For one thing, while pain is unpleasant it is also a method of familiarizing the self against the edges of quickened consciousness. Any heightened sensation, pleasant or unpleasant, has a stimulating effect upon a consciousness to some degree. It is a strong awareness of activity and life. Where the stimulus may be extremely annoying, and humiliatingly unpleasant, certain portions of the psychological framework accept it indiscriminatingly because it is a sensation, and a vivid one. This acquiescence to even painful stimuli is a basic part of the nature of consciousness, and a necessary one.

[... 2 paragraphs ...]

These differentiations come much later and on another level, and in a later evolutionary development. But because the personality is composed of action, the personality also contains within it this characteristic of action, in that it accepts all sensations as expressions of itself, and does not discriminate between stimuli.

Action accepts all stimuli in an affirmative manner. It is only when action becomes compartmented, so to speak, in the development of highly differentiated consciousness, that such refinement occurs. I am not here saying that unpleasant stimuli will not be felt as unpleasant, and reacted against, by less self-conscious organisms. I am saying that less self-conscious organisms will rejoice even in their automatic reaction against such stimuli, because any stimuli and reaction represents sensation, and sensation is another method by which such action knows and expresses itself.

[... 4 paragraphs ...]

On a very basic level, as consciousness with a self (but no conscious “I” exists in the most minute division of consciousness), all action and all sensations and all stimuli are instantly and automatically and joyfully accepted, regardless of their nature. At this level no knowledge of threat exists.

Action at this level is conscious of itself, but the “I” differentiation is not definite enough to fear destruction or painful stimuli. Here we merely have action knowing itself. And knowing itself, it knows its basic indestructibility, knows its own oneness, and has no fear of destruction, for it is also part of destruction itself, from which further action will evolve.

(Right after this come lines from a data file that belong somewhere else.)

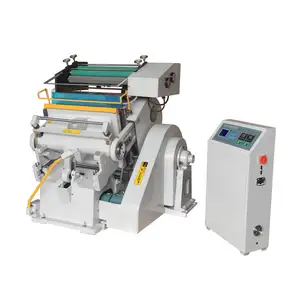 [JT-TYMK750] CE-Stempelmanual Papiermatrize-Schneidemaschine Stempel-Schneidemaschine Stempel-Schneidemaschine Papier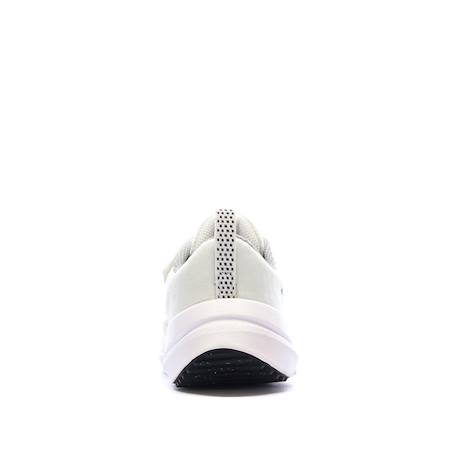 Baskets fille downshifter 12 Gris 4 - vertbaudet enfant 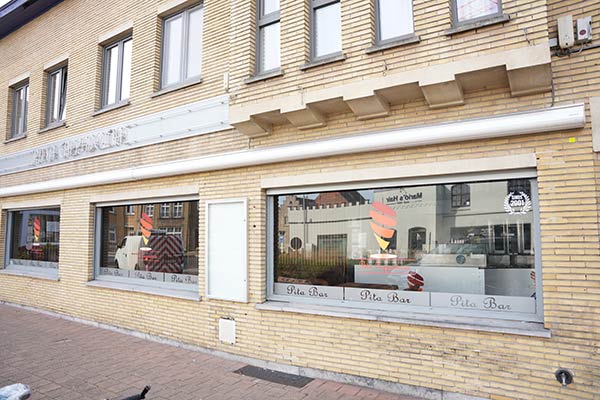 foto restaurant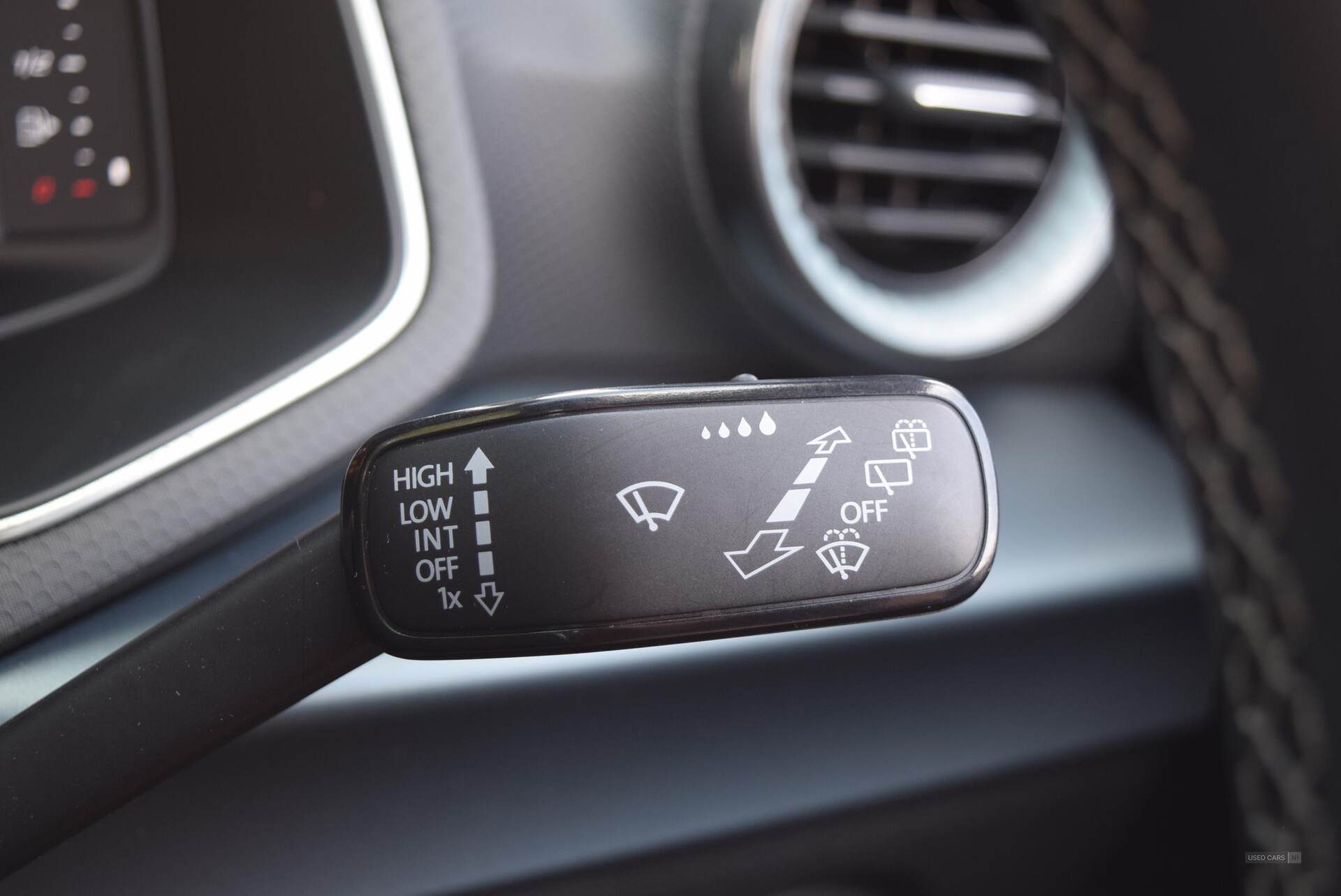 2023 Seat Arona 1.0 TSI 110 XPERIENCE Lux 5dr DSG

The complicated organism which is the human personality with its physical structure, has evolved, along with many other structures, a highly differentiated “I” consciousness, whose very nature is such that it attempts to preserve the apparent boundaries of identity. To do so it chooses between actions, for the very choice, or act of choosing, and ability to do so, represents the nature of identity. But beneath this sophisticated gestalt are the simpler foundations of its being, and indeed the very acceptance of all stimuli without which identity would be impossible.

Without any acceptance of painful stimuli the structure could never maintain itself, for the atoms and molecules within the structure constantly accept painful stimuli, and suffer even joyfully, their own destruction; being aware of their own separateness within action, and aware of their reality within all action, and not having complicated “I” structures to maintain, there is no reason for them to fear destruction.